My Bohemian sojourn had already begun on the blogging front though, with our visit to the Bo House Cafe on the JBR Walk. The restaurant claims to be the house for Mohemians – the Modern Bohemians. However, deep down in my heart I knew that after my Prague visit, the first post of 2013 would have to be on a restaurant in Kolkata, which I had visited long back in August 2012, but had been waiting all this while to write a post. Absolutely Bohemian in the creation of it’s menu, the small restaurant reflects the true spirit of being free-spirited. Thus, worthy of being the first post in the New Year. A year, I’m hoping, would be free of all turmoil and procrastinated thoughts!

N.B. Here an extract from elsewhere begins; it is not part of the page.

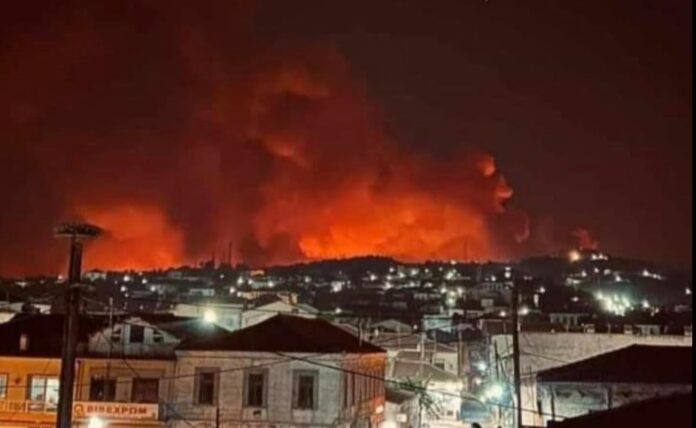Μάχη με την λαίλαπα για 14η ημέρα στον Έβρο – Περικυκλωμένο από τις φλόγες το Σουφλί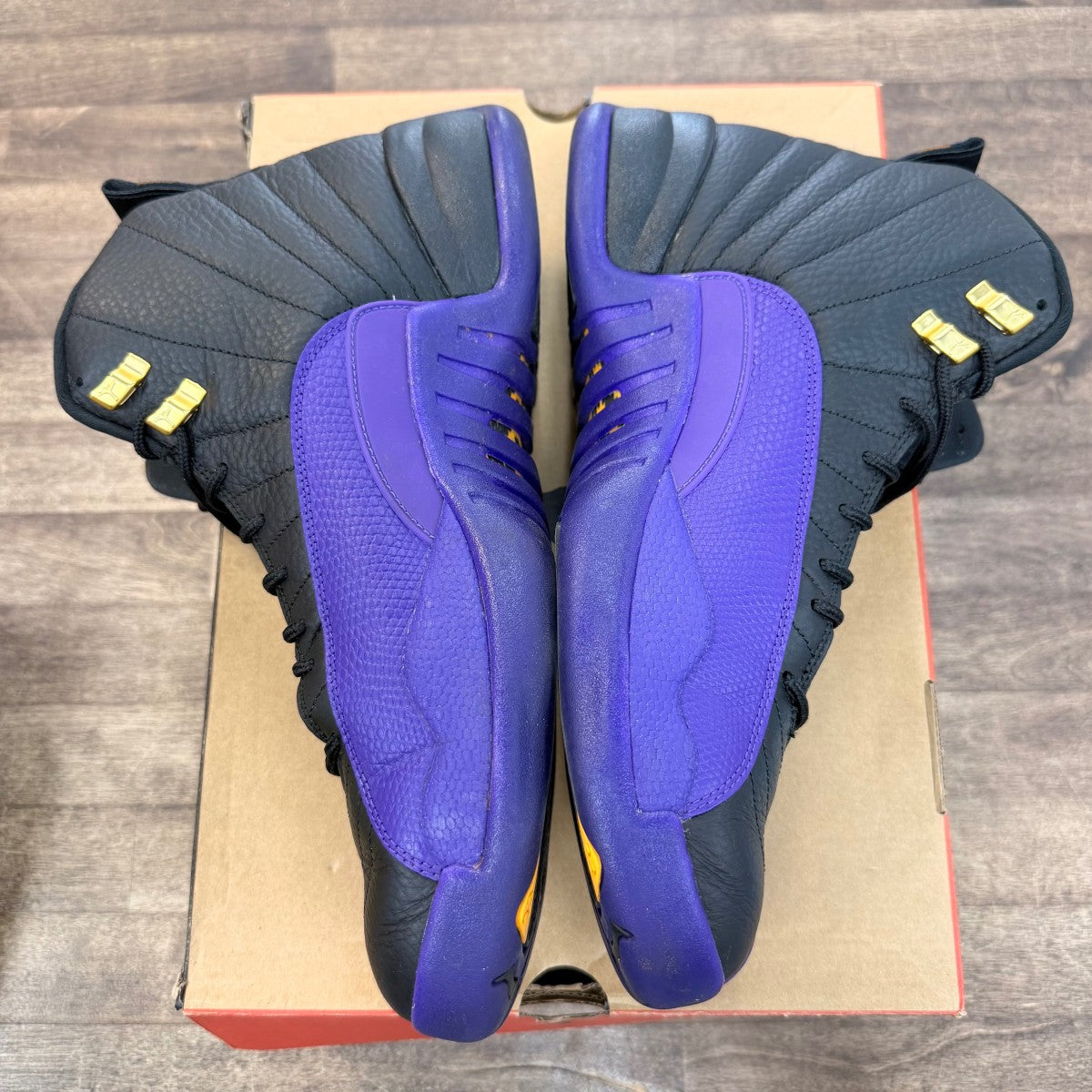 Jordan 12 Retro Field Purple Size 13 (Pre-Owned) - Image 3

I first heard about this restaurant, aptly named Bohemian, from my friend Yummraj. The menu seemed quite intriguing – Gondhoraj Lebu Sorbet & Gondhoraj soufflé, Vegetable Monihari with tender Coconut & Gondhoraj Lebu, Prawn Gondhoraj, Bhetki Gondhoraj… my mind was quite blurred. After-all, I have been playing the chasing game with Gondhoraj Lebu for a long time now. This specific Lime that originates in the Bengal shores is chalked out in my olfactory cells and tastebuds for ever. A bit from my very Bengali post, Traditional Bengali Cuisine… In ‘Slight’ Details… Squeezing a bit of Gondhoraj Lebu or the Bengal Lime in Dal/Lentils, specially Mushurir Dal/Masoor Dal or Bhaja Moonger Dal/Fried Moong Dal is very unique to Bengali Lunches. These limes have their own aroma and something that I haven’t been able to find beyond the shores of Bengal. Although we have tried finding substitutes for many things as we lead our Bengali lives in non-Bengali shores. The closest I’ve come to the aroma of Gondhoraj Lebu is the Thai Kaffir Lime! Kancha Lanka/Green Chillis, Gondhoraj Lebu/Bengali Lime and a pinch of Salt in the corner of the plate is a trademark of traditional Bengali meal.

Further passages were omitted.